You will understand more about topics such as:
Gasket materials are the critical element in the manufacture of gaskets and determine the type of function of a gasket as well as the conditions under which it can be used. The purpose of gaskets is to prevent leakage, seal connections, and block contaminants from entering a critical process.
Pressure and temperature are the determining factors in regard to the choice of gasket materials as well as its compatibility with an application. The correct choice of material ensures that a process will function properly and efficiently without need for maintenance or repair.
The different materials are going to be discussed in the succeeding sections.

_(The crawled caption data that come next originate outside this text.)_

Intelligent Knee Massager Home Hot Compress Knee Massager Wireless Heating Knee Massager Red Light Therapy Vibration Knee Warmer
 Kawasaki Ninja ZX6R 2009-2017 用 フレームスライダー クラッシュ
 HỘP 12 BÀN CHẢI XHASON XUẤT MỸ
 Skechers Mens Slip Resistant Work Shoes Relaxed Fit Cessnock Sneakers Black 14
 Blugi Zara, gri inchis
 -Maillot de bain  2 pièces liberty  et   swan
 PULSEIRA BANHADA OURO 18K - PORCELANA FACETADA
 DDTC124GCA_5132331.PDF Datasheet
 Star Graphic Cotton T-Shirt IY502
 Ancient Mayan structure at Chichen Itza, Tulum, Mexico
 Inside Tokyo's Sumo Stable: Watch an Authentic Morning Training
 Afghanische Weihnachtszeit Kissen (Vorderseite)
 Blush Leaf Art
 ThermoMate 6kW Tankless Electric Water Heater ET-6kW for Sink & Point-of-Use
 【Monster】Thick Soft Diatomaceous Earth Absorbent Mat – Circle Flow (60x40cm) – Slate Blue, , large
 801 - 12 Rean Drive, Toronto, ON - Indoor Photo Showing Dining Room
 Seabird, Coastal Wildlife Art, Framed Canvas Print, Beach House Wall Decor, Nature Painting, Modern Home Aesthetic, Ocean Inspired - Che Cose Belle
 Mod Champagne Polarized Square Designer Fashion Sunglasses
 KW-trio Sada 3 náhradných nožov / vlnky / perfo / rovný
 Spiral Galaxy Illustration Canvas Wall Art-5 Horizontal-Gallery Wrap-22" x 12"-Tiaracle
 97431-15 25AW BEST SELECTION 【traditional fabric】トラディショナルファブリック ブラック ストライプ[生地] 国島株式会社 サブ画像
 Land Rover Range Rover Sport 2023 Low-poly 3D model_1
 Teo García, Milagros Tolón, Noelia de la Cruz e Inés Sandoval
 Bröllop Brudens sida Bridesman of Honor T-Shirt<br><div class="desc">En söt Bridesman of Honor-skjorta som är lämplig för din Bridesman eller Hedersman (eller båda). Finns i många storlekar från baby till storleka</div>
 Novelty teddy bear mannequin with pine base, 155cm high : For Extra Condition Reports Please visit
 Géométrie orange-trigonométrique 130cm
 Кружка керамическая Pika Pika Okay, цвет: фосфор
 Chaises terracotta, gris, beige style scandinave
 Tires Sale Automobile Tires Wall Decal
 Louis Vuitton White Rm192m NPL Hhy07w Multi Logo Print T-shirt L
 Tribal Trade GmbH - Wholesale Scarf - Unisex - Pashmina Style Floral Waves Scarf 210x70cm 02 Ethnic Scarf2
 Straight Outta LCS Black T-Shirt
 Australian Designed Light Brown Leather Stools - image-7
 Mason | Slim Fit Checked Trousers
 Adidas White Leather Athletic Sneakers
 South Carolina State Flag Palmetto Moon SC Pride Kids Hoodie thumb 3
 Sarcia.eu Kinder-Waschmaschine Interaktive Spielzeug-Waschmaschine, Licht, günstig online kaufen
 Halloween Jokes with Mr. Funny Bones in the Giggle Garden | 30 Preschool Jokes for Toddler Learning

When choosing a gasket material or building a custom gasket, there are a wide variety of options. Some of the popular categories for gasket materials include:
Solid materials are typically an alternative to sponge materials. They have the advantage of giving the gasket more durability and a longer lifespan. The lifespan of a solid gasket can be two times longer than that of a sponge material. Moreover, solid materials can withstand a higher compression force than a sponge and are thus recommended in applications that need to handle high compression forces.
Forming processes such as waterjet cutting, die cutting, and CNC cutting can be used to form solid materials into gaskets. These solid materials have the capabilities of being three dimensionally molded.
Some of the solid materials used in forming gaskets include:
Gaskets designed from solid silicone are primarily used in outdoor applications. They are applied where the physical properties of the environment are not as critical. However, resistance to extreme temperatures would still be needed. Examples include applications prone to degradation from sunlight exposure.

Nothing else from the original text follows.